**SUPPLIED DATA**
----------
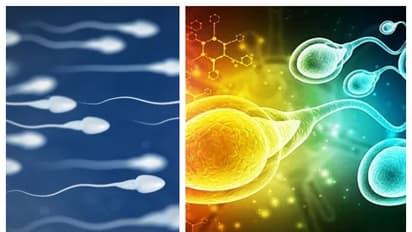 ವೀರ್ಯ ನಾಶ ಮಾಡಿಕೊಂಡ್ರೆ ಆಗೋದೇನು? ಶುಕ್ರ ಧಾತು ಬಗ್ಗೆ ಎಲ್ಲೂ ಸಿಗದ ಅತ್ಯಮೂಲ್ಯ ಮಾಹಿತಿ, ಪುರುಷರಿಗಾಗಿ..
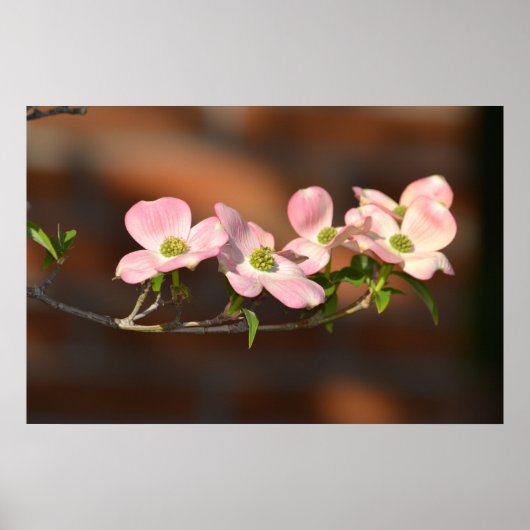 Rosa Dogwood-Blume Poster (Vorne)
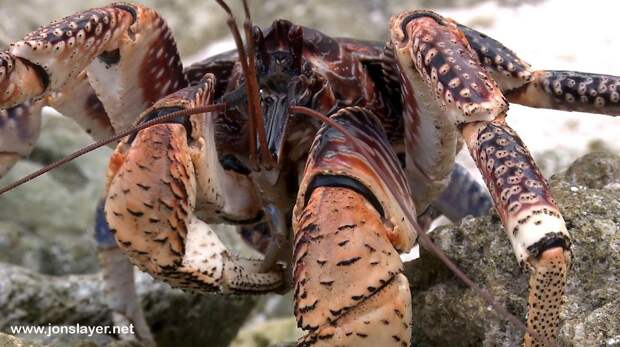 Coconutcrab24 Самый крупный представитель членистоногих, кокосовый краб!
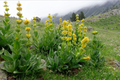 Gentiana Lutea
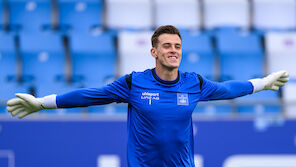 Vitek zu Sturm? Das ist der Stand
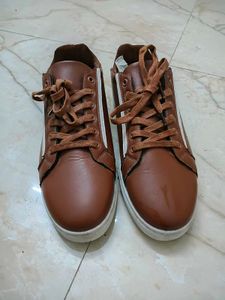 Brand New Brown Sneakers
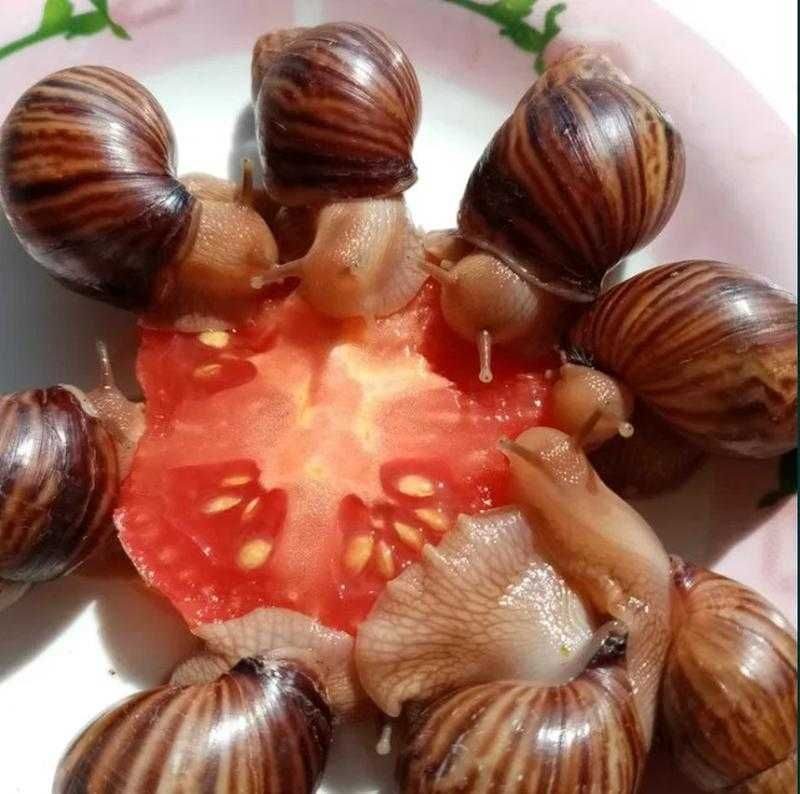 Большая Ахатина Фото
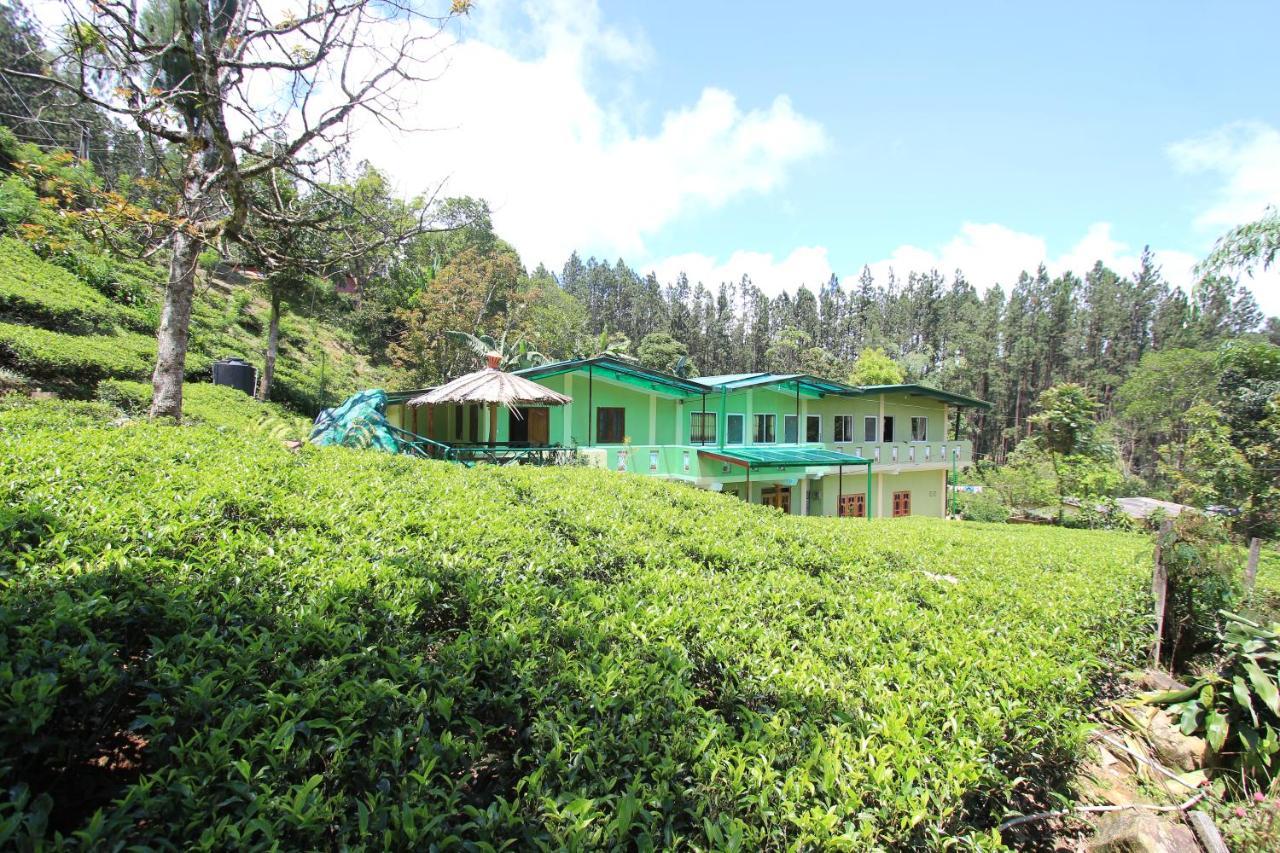 Narra Homestay Maskeliya Exteriör bild
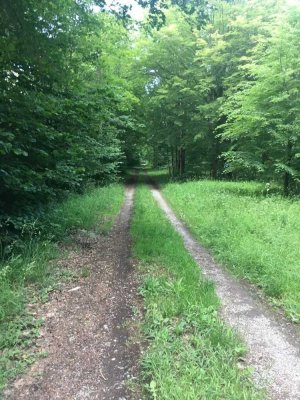 Bien-Zenker EVOLUTION 154  Ihr individuelles Zuhause in Külsheim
----------
**EXERCISE AIM**
Write the lines from the one with "Brand New Brown Sneakers" through the last line of the entries out again exactly, both ends included, and skip the pictures.

**RESPONSE BOX**
 Brand New Brown Sneakers
 Большая Ахатина Фото
 Narra Homestay Maskeliya Exteriör bild
 Bien-Zenker EVOLUTION 154  Ihr individuelles Zuhause in Külsheim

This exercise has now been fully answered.